Seit mittlerweile fünf Jahren arbeitet sie für den Lebensmittel- und Fleisch-Tycoon Wellinghofen, den Hauptmäzen der „Interni-Stiftung“. Sie nennt ihn einfach K2, er kennt den Namen seiner Mitarbeiterin für besondere Fälle erst gar nicht. Nun soll sie aber unter dem Decknamen Evelina „Eve“ Klein in seinem Auftrag nach Zürich. Dort befindet sich in einem Vorort die Geschäftsleitung der Stiftung, einer transnationalen NGO, die sich um bedürftige Jugendliche kümmert. Der letzte Jahresbericht weist zahlreiche Ungereimtheiten auf, mit der Bilanz scheint einiges nicht zu stimmen.

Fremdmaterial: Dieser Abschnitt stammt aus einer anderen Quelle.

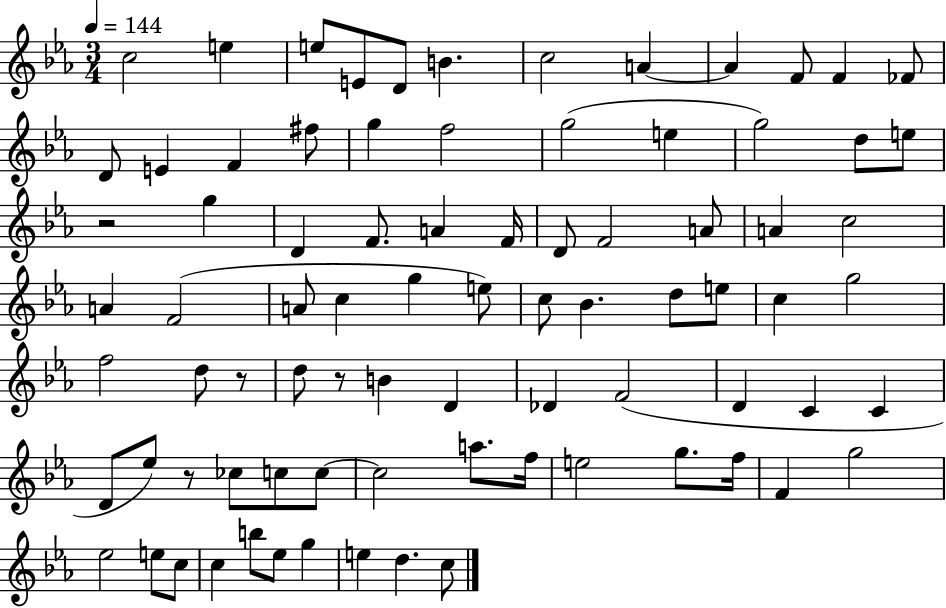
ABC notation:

X:1
T:Untitled
M:3/4
L:1/4
K:Eb
c2 e e/2 E/2 D/2 B c2 A A F/2 F _F/2 D/2 E F ^f/2 g f2 g2 e g2 d/2 e/2 z2 g D F/2 A F/4 D/2 F2 A/2 A c2 A F2 A/2 c g e/2 c/2 _B d/2 e/2 c g2 f2 d/2 z/2 d/2 z/2 B D _D F2 D C C D/2 _e/2 z/2 _c/2 c/2 c/2 c2 a/2 f/4 e2 g/2 f/4 F g2 _e2 e/2 c/2 c b/2 _e/2 g e d c/2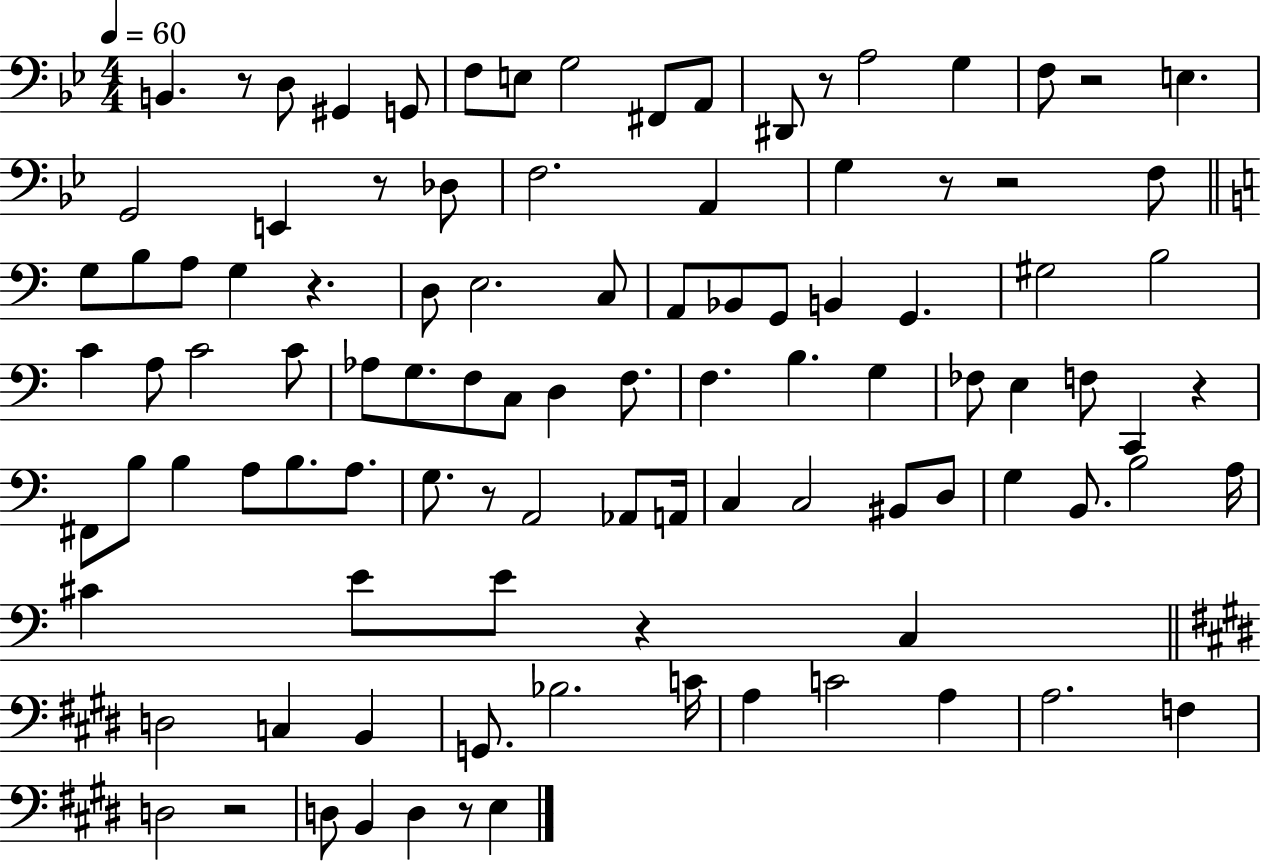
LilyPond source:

{
  \clef bass
  \numericTimeSignature
  \time 4/4
  \key bes \major
  \tempo 4 = 60
  b,4. r8 d8 gis,4 g,8 | f8 e8 g2 fis,8 a,8 | dis,8 r8 a2 g4 | f8 r2 e4. | \break g,2 e,4 r8 des8 | f2. a,4 | g4 r8 r2 f8 | \bar "||" \break \key c \major g8 b8 a8 g4 r4. | d8 e2. c8 | a,8 bes,8 g,8 b,4 g,4. | gis2 b2 | \break c'4 a8 c'2 c'8 | aes8 g8. f8 c8 d4 f8. | f4. b4. g4 | fes8 e4 f8 c,4 r4 | \break fis,8 b8 b4 a8 b8. a8. | g8. r8 a,2 aes,8 a,16 | c4 c2 bis,8 d8 | g4 b,8. b2 a16 | \break cis'4 e'8 e'8 r4 c4 | \bar "||" \break \key e \major d2 c4 b,4 | g,8. bes2. c'16 | a4 c'2 a4 | a2. f4 | \break d2 r2 | d8 b,4 d4 r8 e4 | \bar "|."
}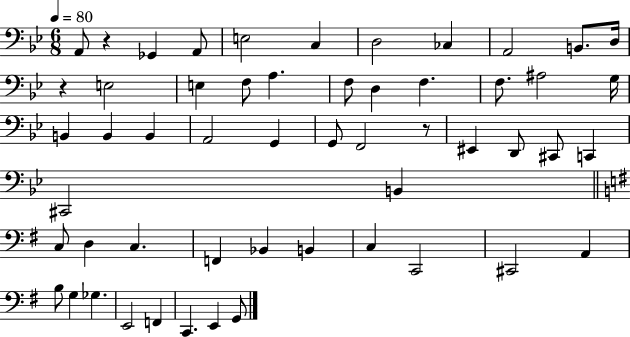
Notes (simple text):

A2/e R/q Gb2/q A2/e E3/h C3/q D3/h CES3/q A2/h B2/e. D3/s R/q E3/h E3/q F3/e A3/q. F3/e D3/q F3/q. F3/e. A#3/h G3/s B2/q B2/q B2/q A2/h G2/q G2/e F2/h R/e EIS2/q D2/e C#2/e C2/q C#2/h B2/q C3/e D3/q C3/q. F2/q Bb2/q B2/q C3/q C2/h C#2/h A2/q B3/e G3/q Gb3/q. E2/h F2/q C2/q. E2/q G2/e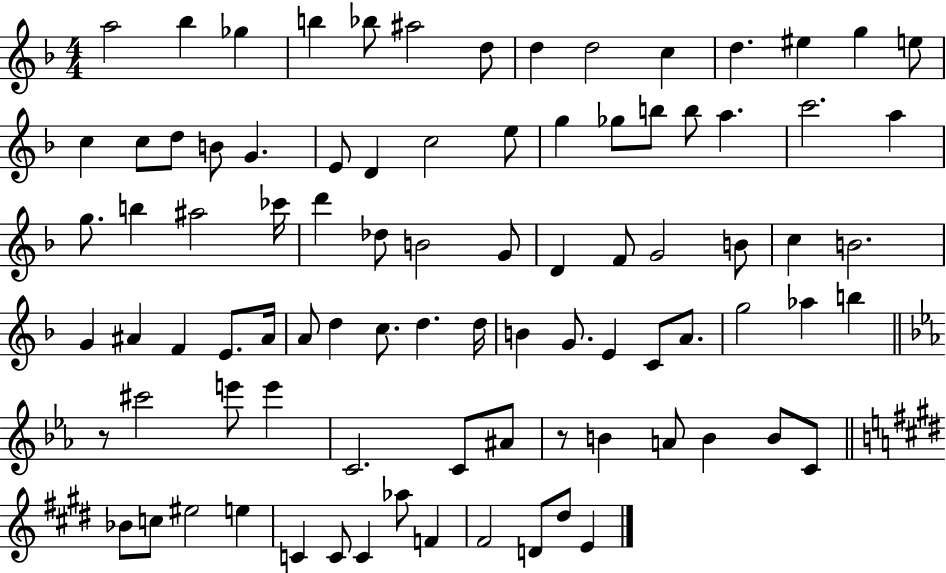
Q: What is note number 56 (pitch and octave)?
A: G4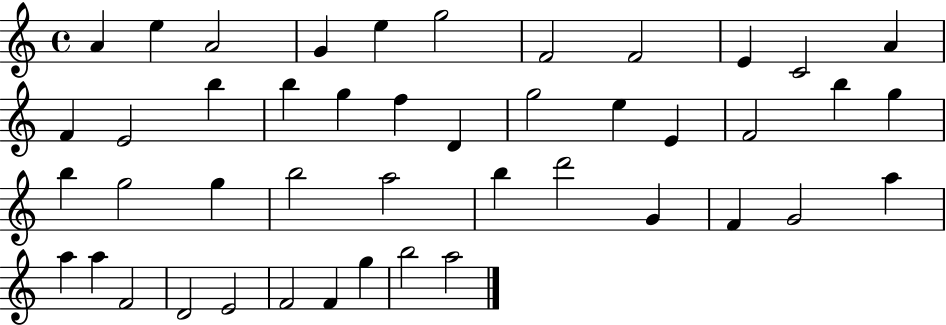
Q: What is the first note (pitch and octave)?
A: A4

Die Spur führt zum Schweizer Geschäftsführer der Stiftung, Branko Tadić. Bevor die Sache ungewollte Dimensionen annimmt, soll Eve zunächst für Klarheit sorgen. Nebenbei darf sie auch noch Geld für Wellinghofen auf dem Kunstmarkt waschen, mit Hilfe der mehr als undurchsichtigen Mascha Harvensteen, die als Guru der Kunstwelt gilt. Doch als Eve in der Schweiz ankommt, ist Tadić bereits tot. Neben dem sichtlich überforderten Stiftungsvorstand Max Karnofsky bekommt es Eve zudem mit dessen eiskalten Ehefrau Helena zu tun, die nicht ohne Grund nur Hell genannt wird, deren beiden seltsamen Zwillinge Laura und Lara sowie mit dem rüpelhaften Nick Sanjay, einem Freund Karnofskys, zu tun. In der scheinbar ruhigen Welt in den Schweizer Bergen sind Big Business, Gier und organisiertes Verbrechen eng miteinander verzahnt. Wenn auch anders, als Eve sich das zunächst denkt.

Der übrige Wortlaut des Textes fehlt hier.